Mais tout cela n’a été que le détonateur. La raison déterminante qui nous a portés à concevoir la communauté comme un noyau animateur est la nouvelle saison que vit l’Eglise. Elle révèle une conscience aiguë d’être en communion avec Dieu et avec les hommes, et prend la communion comme voie principale pour réaliser le salut de l’homme.
Cela ne peut manquer de produire des changements notables dans la pratique pastorale. Tout acquiert sens et dimension à la lumière de la communion. Les communautés ecclésiales deviennent des agents solidaires de la mission. En elles se valorisent les vocations des religieux, des ministres ordonnés et des laïcs, selon le don spécifique que l’Esprit a donné à chacun. Leurs expériences respectives interagissent et s’enrichissent les unes les autres et sont engagées ensemble dans l’évangélisation, qui devient « nouvelle » à cause de cet élément aussi : l’artisan ecclésial qui l’accomplit, qui révèle aujourd’hui l’importance du laïcat.
Ce cheminement fut long. Le travail préconciliaire, la réflexion du Concile, l’effort de réorganiser la vie ecclésiale et la pastorale après le Concile, la synthèse doctrinale et la pratique approfondie au cours des années qui nous conduisent à l’an 2000, les Synodes sur les laïcs, sur les ministres ordonnés et sur la vie consacrée avec les exhortations apostoliques qui ont suivi, ont montré avec clarté comment les différentes vocations se complètent, s’enrichissent et se coordonnent. Elles n’arrivent même à avoir leur identité originale qu’en référence réciproque au sein de la communion ecclésiale.
D’autre part, nous voyons cette forme de vie religieuse et de travail pour les jeunes au moment de la naissance de la Famille salésienne. Dès le début, par son témoignage et la nouveauté de son travail, Don Bosco s’associe beaucoup de monde, et suscite l’adhésion d’ecclésiastiques et de laïcs ; il attire vers son œuvre des hommes et des femmes qui l’aident à faire le catéchisme, à mettre sur pied des écoles et des ateliers, à animer la cour de récréation, à placer les plus nécessiteux chez l’un ou l’autre patron honnête. C’est ainsi qu’il donne forme à des groupes et à des formes occasionnelles de coopération.
Quand il voit la nécessité d’accueillir quelques jeunes chez lui, il crée une famille avec la collaboration de Maman Marguerite, avec qui il partage le gouvernement de la maison. Son projet est d’unir tous les « bons » et d’élargir au maximum la collaboration. Il rêve cette collaboration, la propose, et s’emploie à la réaliser par des invitations orales, l’amitié et des lettres.

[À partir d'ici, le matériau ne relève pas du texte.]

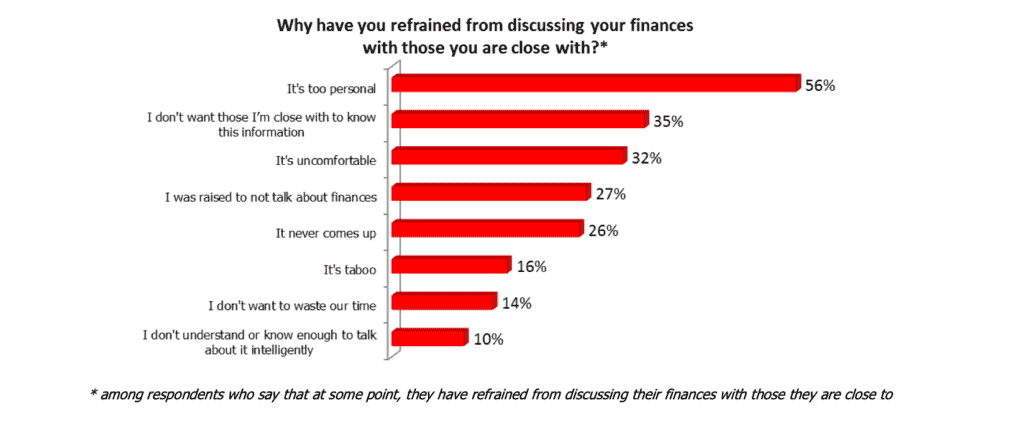 https://www.fidelity.com/bin-public/060_www_fidelity_com/documents/women-fit-money-study.pdf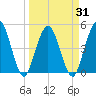 Sawpit Creek tide chart for Wednesday, March 31, 2021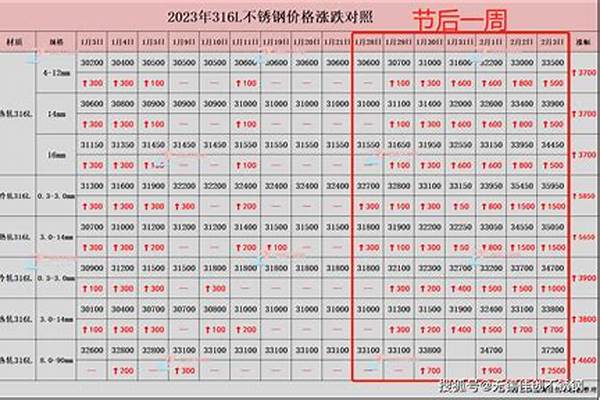 不锈钢316今日价格/a_不锈钢316今日价格查询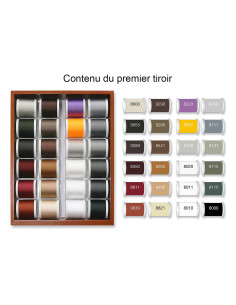Mini estuche de hilos de coser Aerofil Madeira 400 m 2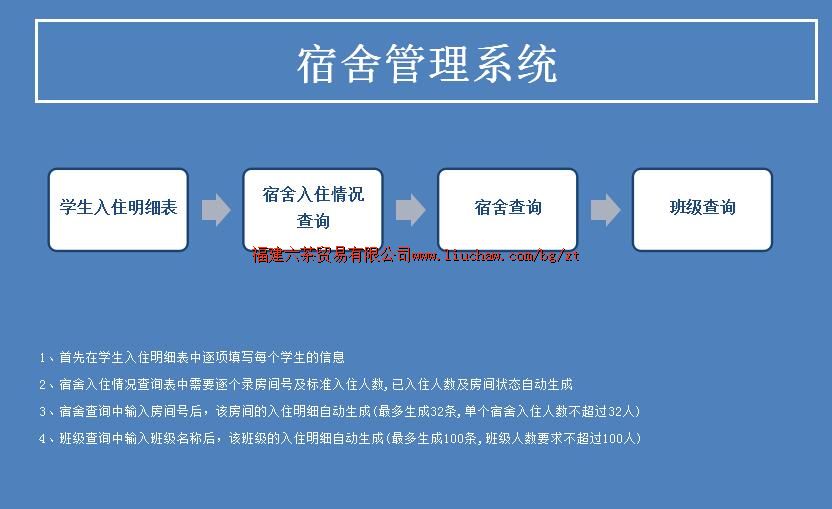 bg013�������ϵͳ ��50Ԫ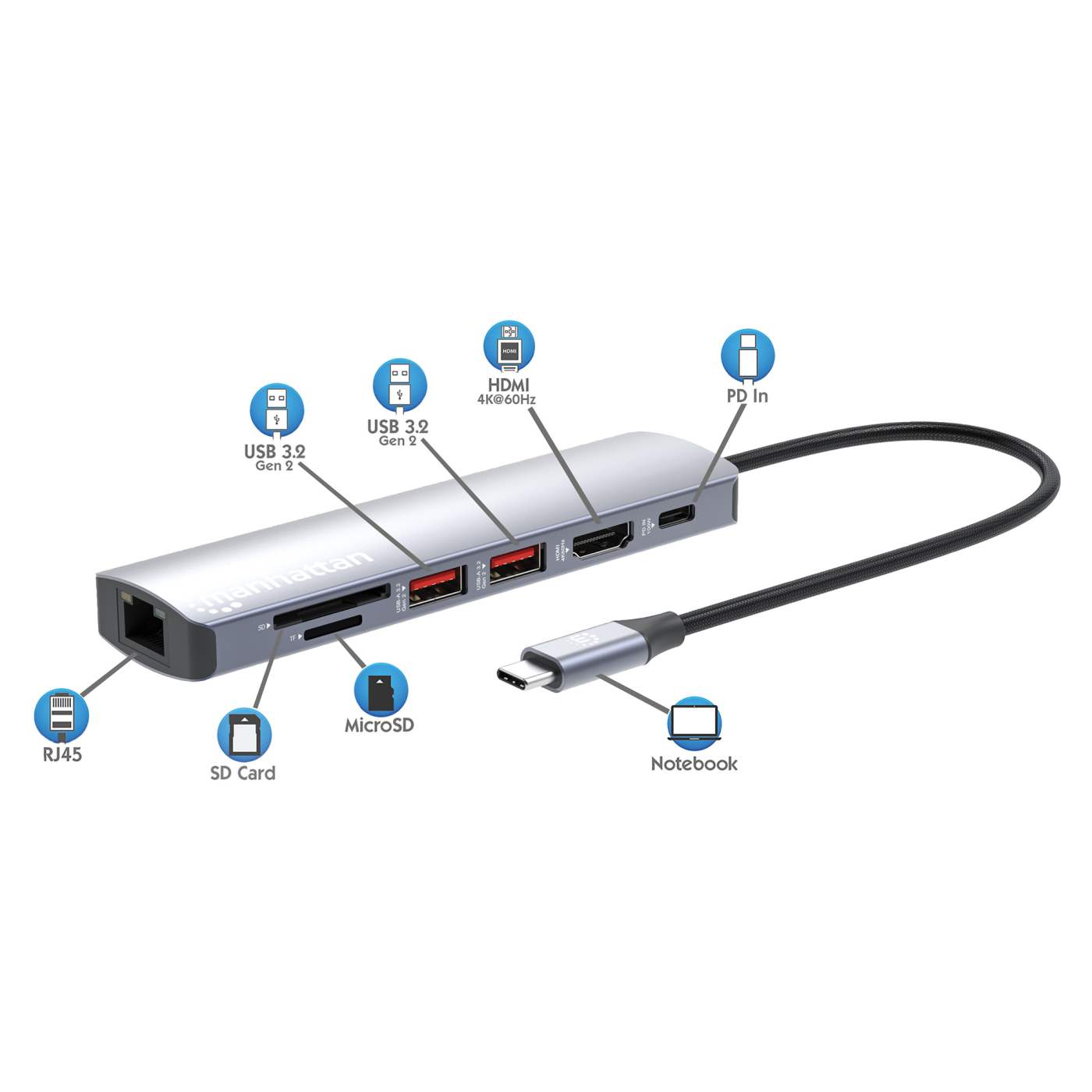 USB-C PD 7-in-1 4K Dockingstation / Multiport-Hub Image 9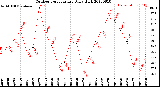 Milwaukee Weather Outdoor Temperature<br>Daily High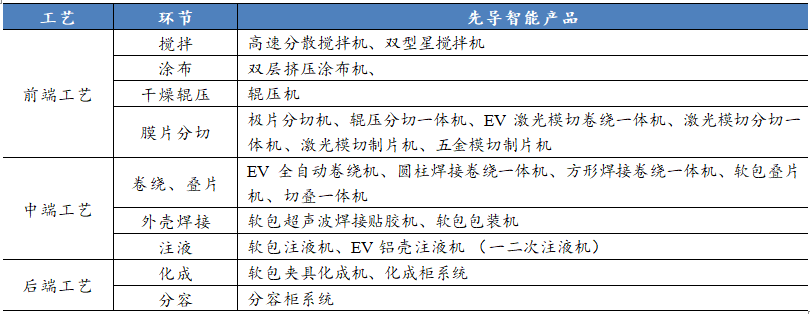 数据来源：先导智能公司公告，国泰君安证券研究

Il arrive bientôt à se convaincre de la nécessité des « consacrés » : et pas seulement parce que la continuité de l’œuvre exigeait des personnes entièrement disponibles pour les jeunes, mais parce qu’il tenait tant à la qualité « religieuse » de l’éducation qu’il a voulu qu’elle fût dirigée par un prêtre. Car il ne s’agissait pas seulement de libérer les jeunes de leur situation de pauvreté économique ni de les préparer à la vie par des études ou l’apprentissage d’un métier ; ni même simplement d’éduquer leur sens religieux ou leur conscience ; mais de les faire rencontrer Jésus Christ vivant par la grâce de la foi, l’efficacité des sacrements et la participation à la communauté ecclésiale.
Les vocations « à la consécration » étaient à trouver parmi ses jeunes eux-mêmes. C’est ainsi qu’il commença à en réunir quelques uns, les invita à former une société ; leur demanda de rester avec lui pour toujours, de s’engager dans une œuvre de charité à temps plein et pour toute la vie, de vouer leur vie à suivre le Christ obéissant, pauvre et chaste pour servir fidèlement Dieu et les jeunes.
Notre charisme voit donc le jour dans un contexte de communion « familiale et éducative », poussé à ouvrir presque sans limites à des milieux divers la collaboration au bien, dans un dessein précis de créer la coopération, la solidarité et la communion.
Le moment actuel.
Ces derniers temps, on a beaucoup réfléchi sur la communauté consacrée.
Ce qui intéressait, c’était la qualité de la vie fraternelle en référence aux exigences légitimes qui apparaissent aujourd’hui dans les communautés, aux conditions de vie qu’elles requièrent, aux nouvelles possibilités de relations et de communication qui résultent de la culture, du renouveau ecclésial et de la sensibilité actuelle des gens.
Ce qui intéressait aussi beaucoup, c’était de servir la communion chrétienne et humaine que les communautés consacrées sont appelées à exercer en ce moment particulier de l’Eglise (évangélisation, œcuménisme, dialogue interreligieux) et face au climat du monde (paix, communication, réconciliation, conflits ethniques, caractère interculturel de la société, globalisation).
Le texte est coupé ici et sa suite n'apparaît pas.